The first thing you need to determine is exactly what the conviction is for. Understand the legal aspects surrounding the crime and try to gather as much information as possible before moving forward. It is a good idea to talk to a lawyer and possibly even the felon's probation/parole officer.

Does the crime that the person has been convicted of relate to the job you are hiring them for? For instance, somebody with forgery and embezzlement charges shouldn't be hired in an accounting position.
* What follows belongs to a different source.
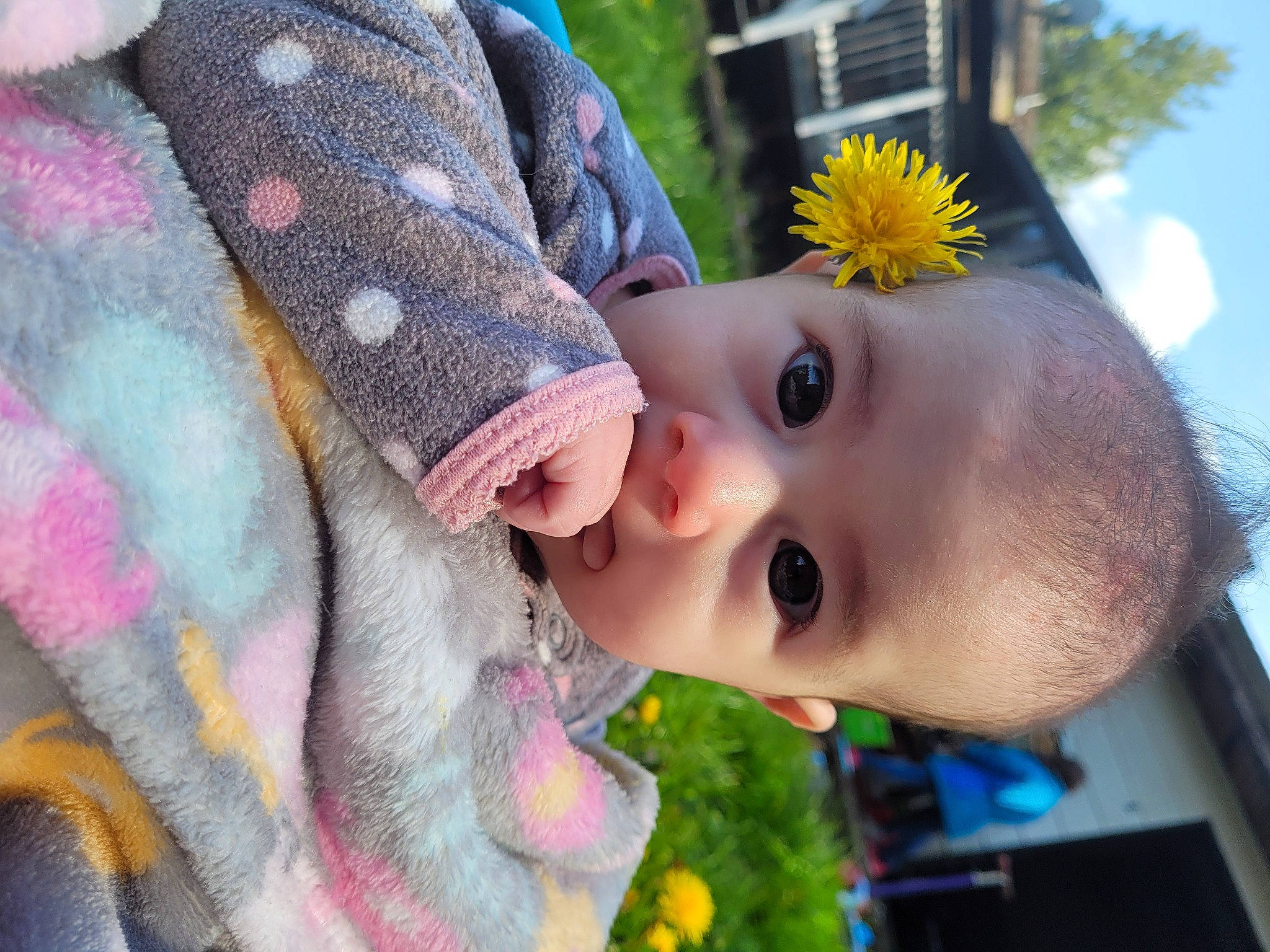 Kaedence joined the competition — help win amazing prizes! baby, baby_toddler_clothing, blue, cheek, eye, flower, green, happy, iris, lip, mammal, nose, person, plant, product, skin, sky, smile, vertebrate, window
Also, you should do a full background check to make sure they have disclosed all convictions honestly. As much as you might trust somebody, this is definitely something you should do just to make sure you understand the extent of their criminal record.

To be bonded?
If you require that employees be bonded this can be a great way to limit exposure when hiring somebody with a criminal history. There is even a government program that will guarantee a bond up to $10,000 if it is required as a condition of employment.

Why all the fuss?
Some people don't understand why they should do such thorough research before hiring a felon. The fact of the matter is that a criminal record imposes a significant risk that somebody will be dishonest when they are dealing with you as an employer. Also, if the felon is working directly with customers and they do something bad to them, you might be legally liable if the customer can prove that you put them in the situation.

However, if you are able to adequately vet a job candidate who happens to have a felony you can benefit by getting a hard worker at a below-market wage, loyalty (most felons won't willfully leave a steady job) and the benefit of knowing that you are helping keep somebody away from a life of crime.

How does hiring a felon help society?
Once somebody has a felony on their record they generally become untouchable by most employers. Without any job prospects many of them turn back to the life of crime that they are accustomed to living in.

By hiring a felon you are giving them hope that they can move on and change themselves for the better. Incarcerating and monitoring criminals is expensive - by helping break this vicious cycle you are helping the public at large and possibly changing the felon and his/her family's life permanently.